Once the oil has been re-categorised as coming from non-sanctioned Iraq, rather than Iran, it is easy to send it to wherever Iraqi oil can go, which is anywhere. The bulk of this can be done through Iraq’s existing crude oil export infrastructure, including very large crude carriers loaded in and around the southern export hub of Basra. It can also be done directly into southern Europe via the Turkish port of Ceyhan through the crude oil pipelines running through the semi-autonomous Iraq region of Kurdistan (although these have been subject to ongoing disruptions for years), and there are also plans for further pipelines from Iraq to Jordan and Syria. Once in Europe, this oil – all of which is discounted in price from the benchmark – has historically gone into some of the less rigorously policed ports of southern Europe that need oil and/or oil trading commissions, including those of Albania, Montenegro, Bosnia and Herzegovina, Serbia, Macedonia and Croatia. From there, the oil can easily be moved across borders to Europe’s bigger oil consumers, including through Turkey.
These crude oil export methods from Iraq can be supplemented where necessary by various shipping-related methods, with one of the most basic methods being the disabling (literally just flicking a switch) of the ‘automatic identification system’ on ships that carry Iranian oil, as is just lying about destinations in shipping documentation. As Iran’s then-Petroleum Minister himself, Bijan Zangeneh, said in 2020: “What we export is not under Iran’s name. The documents are changed over and over, as well as [the] specifications.” Even before that, in December 2018 at the Doha Forum, Iran’s Foreign Minister, Mohammad Zarif, stated that: “If there is an art that we have perfected in Iran, [that] we can teach to others for a price, it is the art of evading sanctions.” For Asian-bound shipments, the reliable methodology has allegedly involved Malaysia (and to a lesser degree Indonesia) in forwarding oil exports to China, with tankers bound ultimately for China engaging in at-sea or just-outside-port transfers of Iranian oil onto tankers flying other flags.

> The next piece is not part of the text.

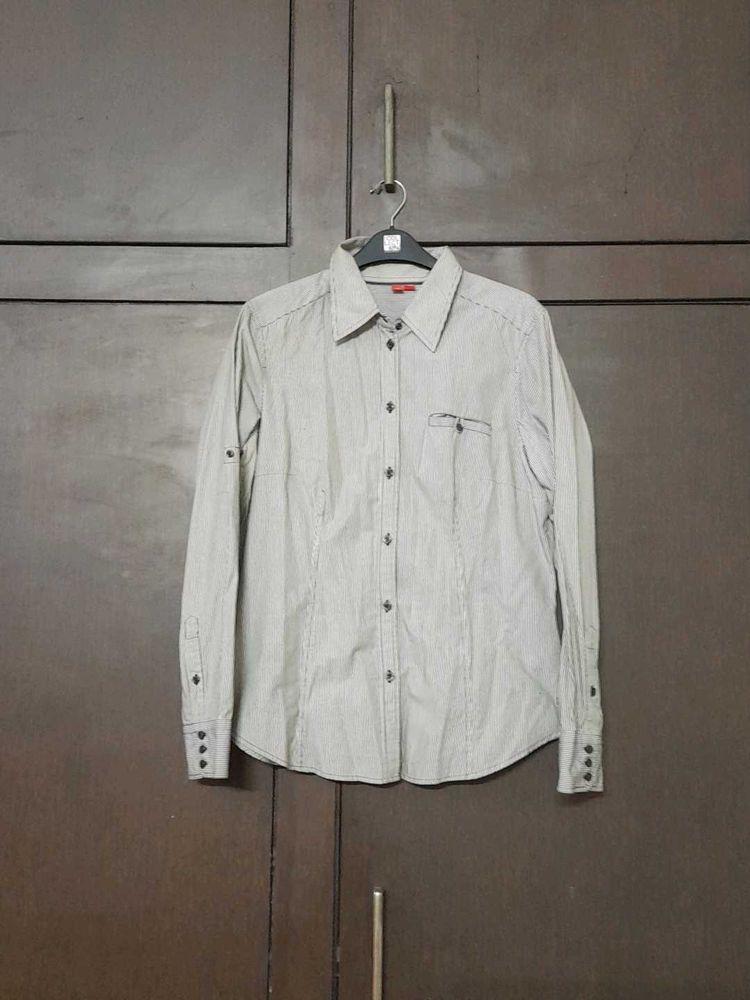 Striped Oversized Button-Down Shirt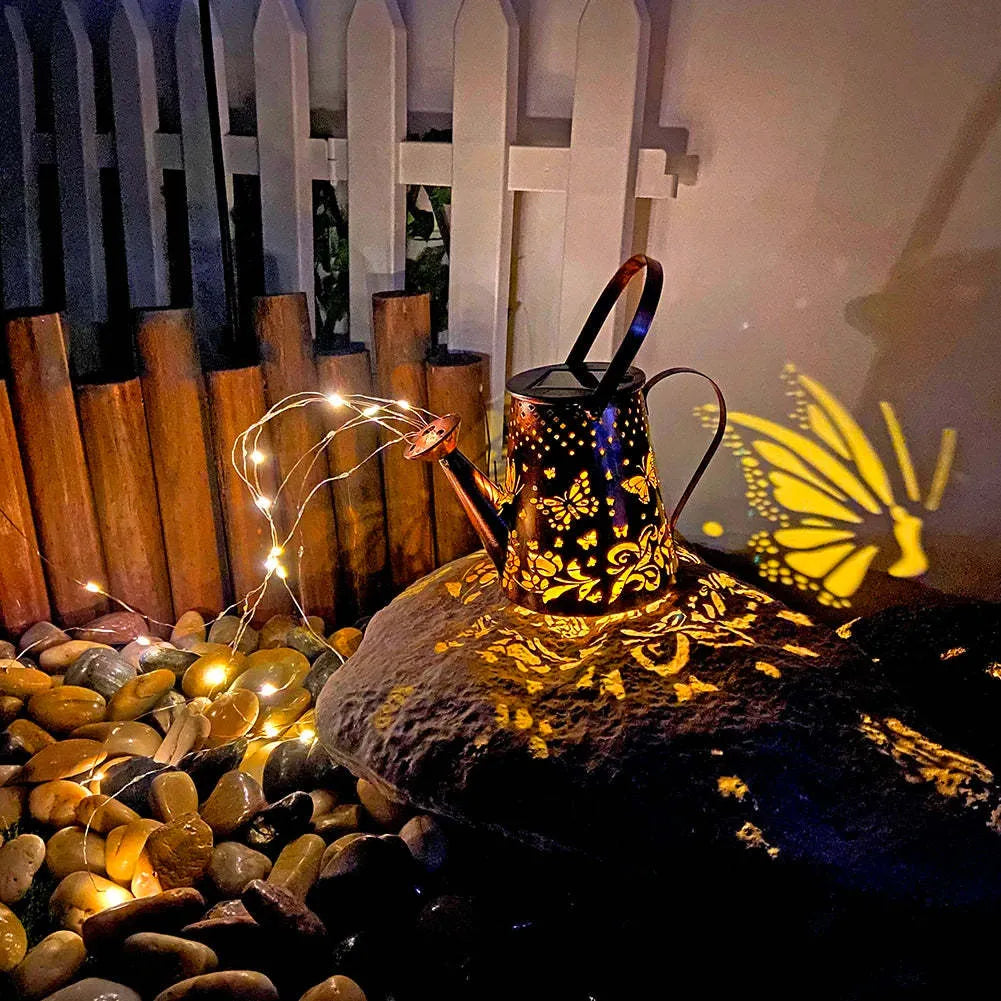 Butterfly pattern solar garden lamp with iron construction for outdoor lighting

As of the end of last week, the Iran source exclusively told OilPrice.com: “Russian companies are now in a gold rush to Iran, with [Russian President, Vladimir] Putin commenting a few days ago that 80 Russian companies are on their way to Tehran with a view to expanding Russia’s presence in the oil, gas, petrochemicals, and automotive sectors as primary goals.” He added: “In total, around nine hundred senior Russian business figures are expected in Tehran in the next four weeks, all with promises for deals in these sectors [above] and, in return, Iran is receiving promises of the latest Sukhoi fighter jets, two submarines, sixteen S-300 batteries, and an undisclosed number of military and security advisors.” He concluded: “It’s pretty much a fire-sale of Iran’s natural oil and gas assets.”